▶ _Material provided_
-.-.-

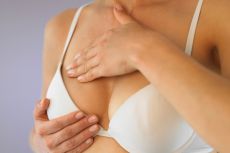 защо причинява болка в гърдите по време на бременност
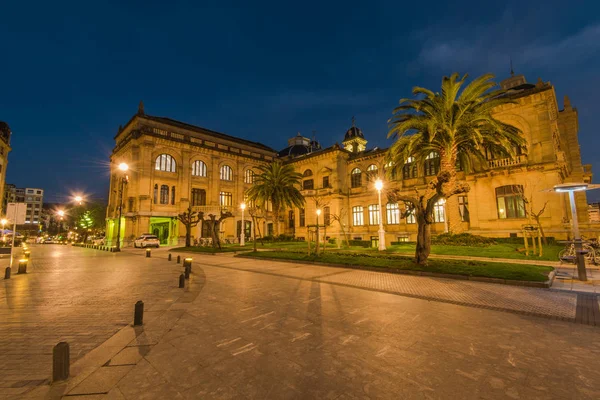 Ayuntamiento iluminado de San Sebastián al atardecer —  Fotos de Stock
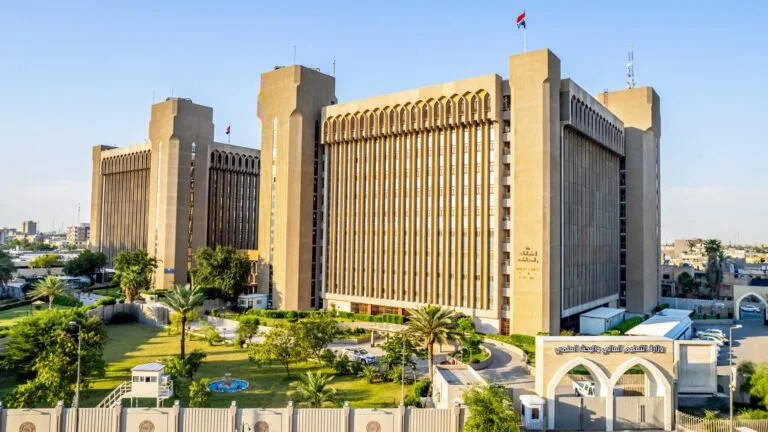 سحب يد رئيس جامعة البصرة وسط غموض حول الأسباب
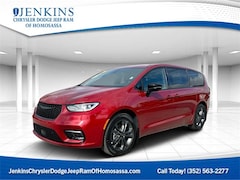 2026 Chrysler Pacifica SELECT Passenger Van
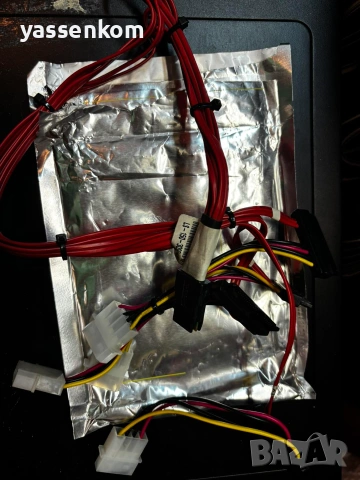 LSI Logic L3-25121-61A 6GB/S SATA+SAS RAID PCI-e с подарък - кабел:4x SATA, 1хHDD_174GB, снимка 4 - Други - 54956829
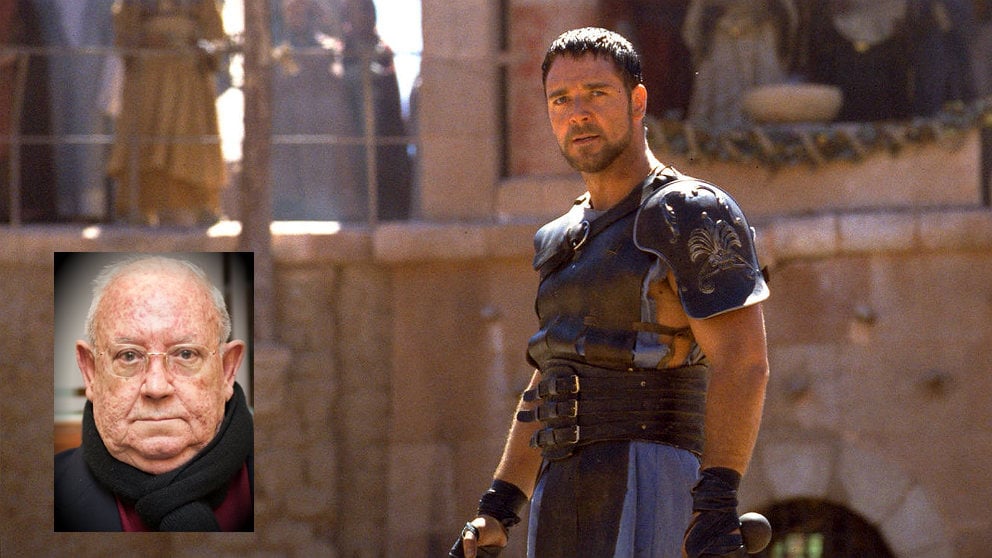 Una escena de ‘Gladiator’ y el creador de sus decorados, Ramón Moya.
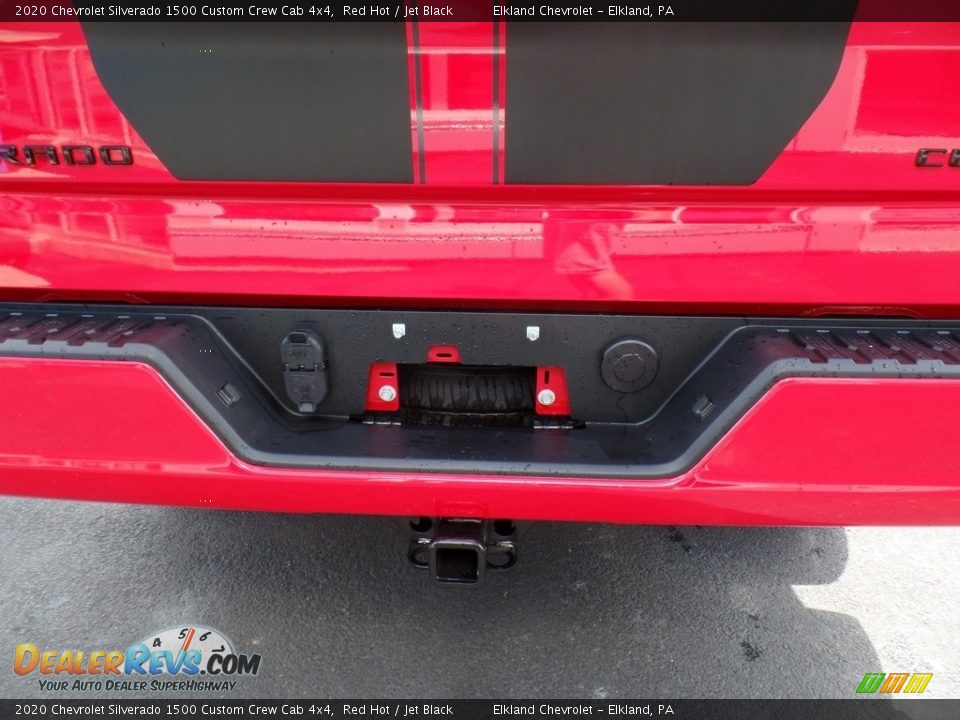 2020 Chevrolet Silverado 1500 Custom Crew Cab 4x4 Red Hot / Jet Black Photo #13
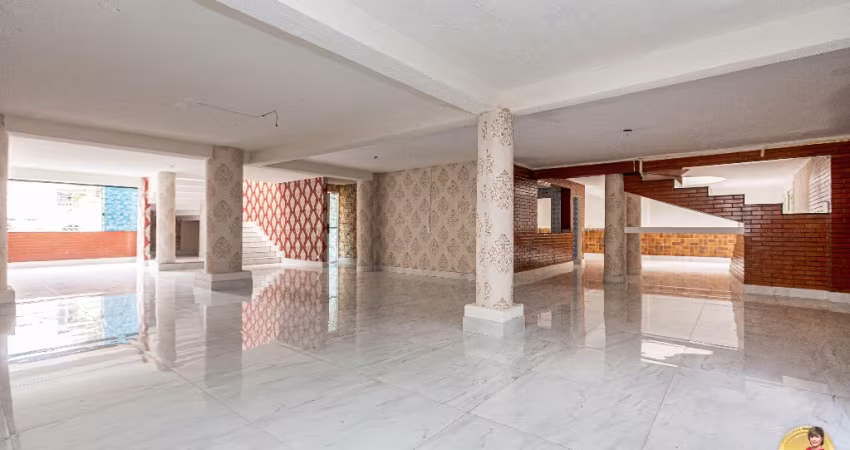 Casa Comercial para venda tem 829 metros quadrados com 7 quartos em Bacacheri - Curitiba - PR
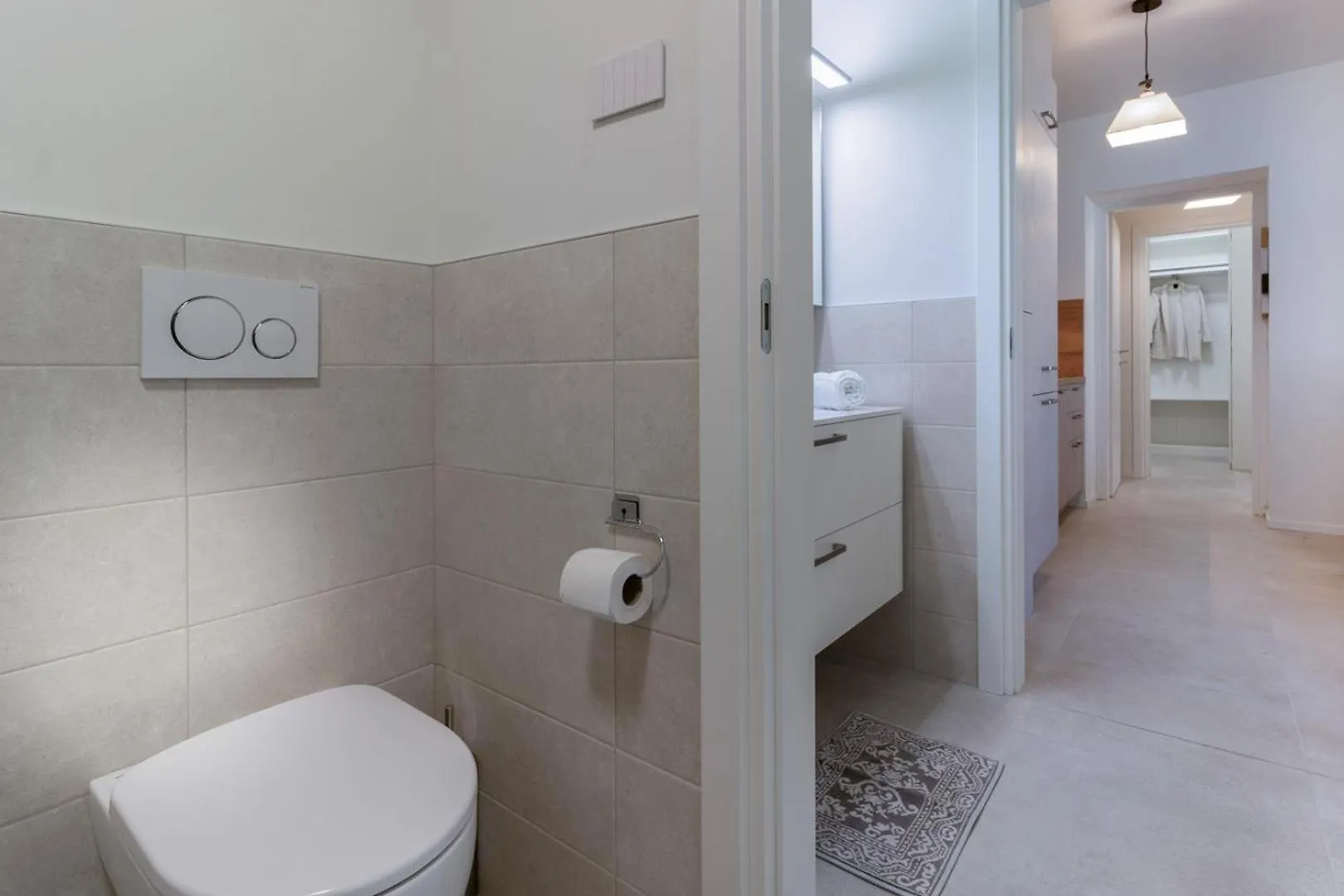 La Breva - Central Apartment - 1 Minuto Dal Centro Como 0*,  Italy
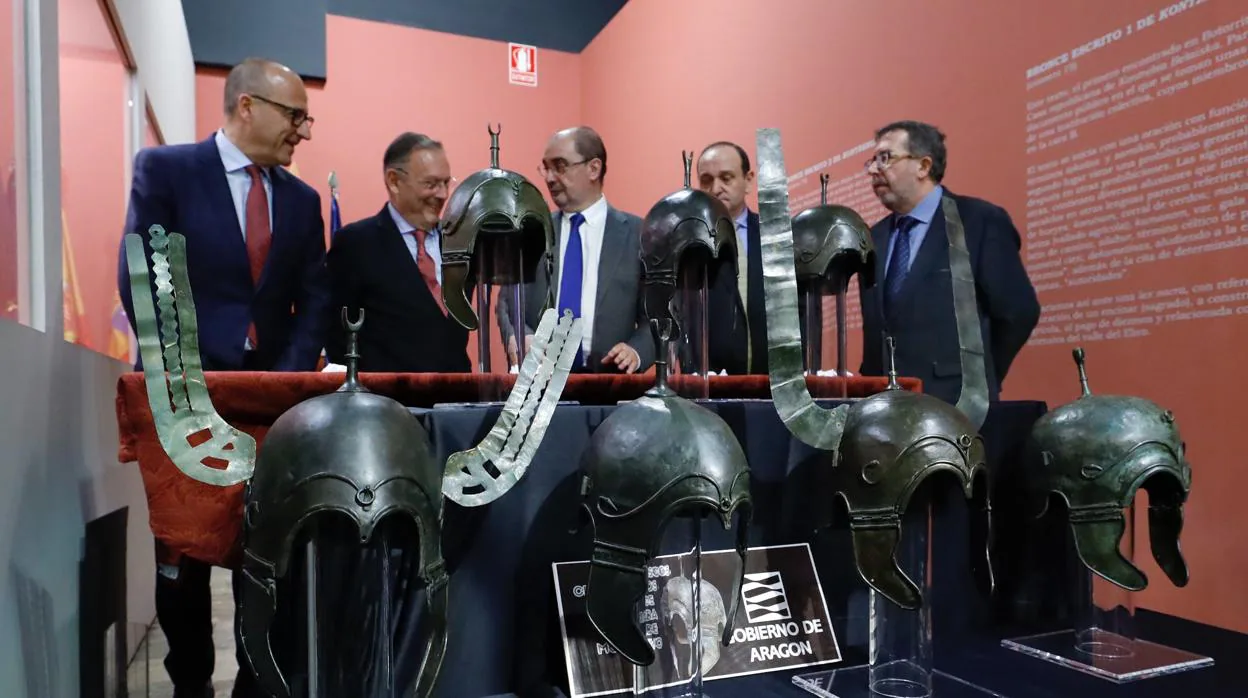 Los cascos celtíberos, durante su presentación en el Museo de Zaragoza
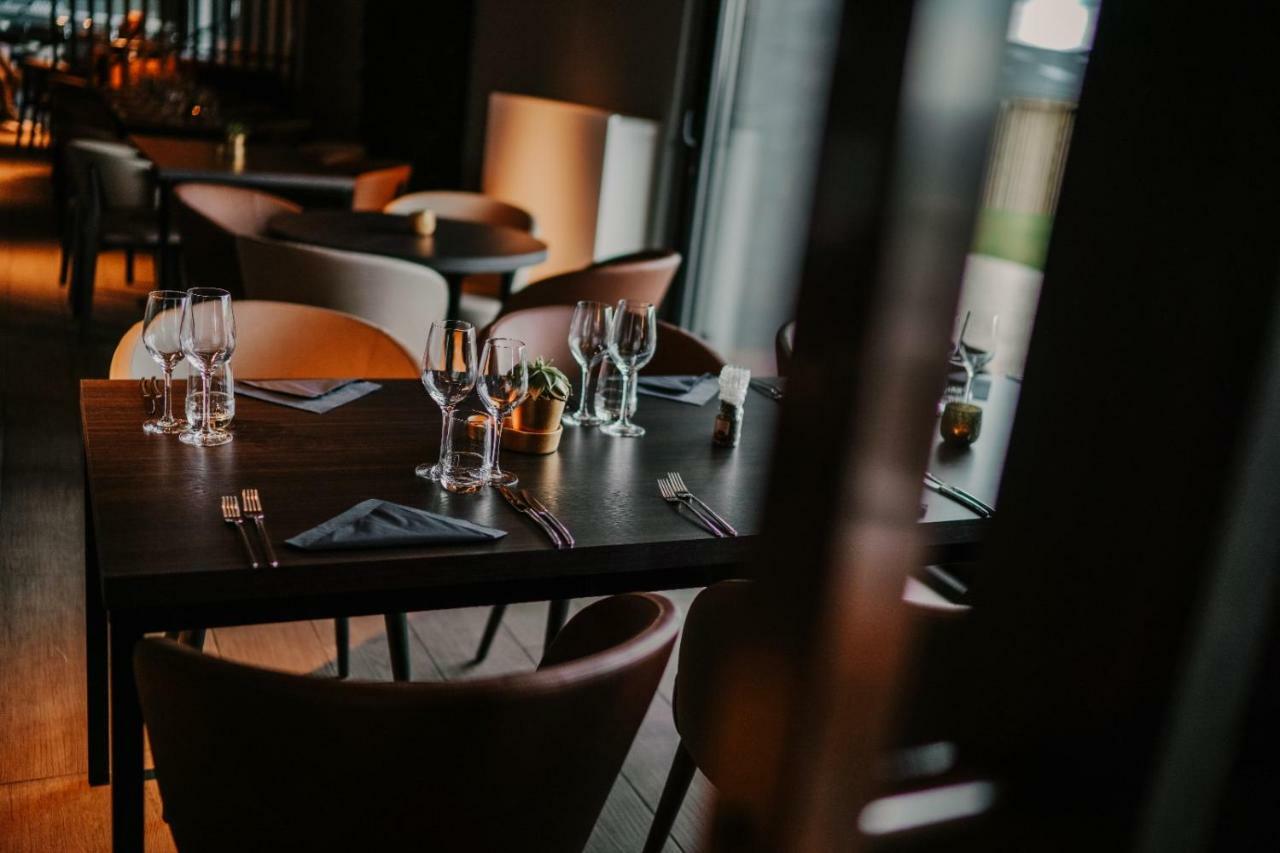 Hotel & Restaurant Five Nations Дюрби Екстериор снимка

-.-.-

▶ _Exercise details_
Without the pictures, reproduce each line from the one containing "La Breva - Central" through the last line of the material above, both of those lines included.

▶ _Written solution_
 La Breva - Central Apartment - 1 Minuto Dal Centro Como 0*,  Italy
 Los cascos celtíberos, durante su presentación en el Museo de Zaragoza
 Hotel & Restaurant Five Nations Дюрби Екстериор снимка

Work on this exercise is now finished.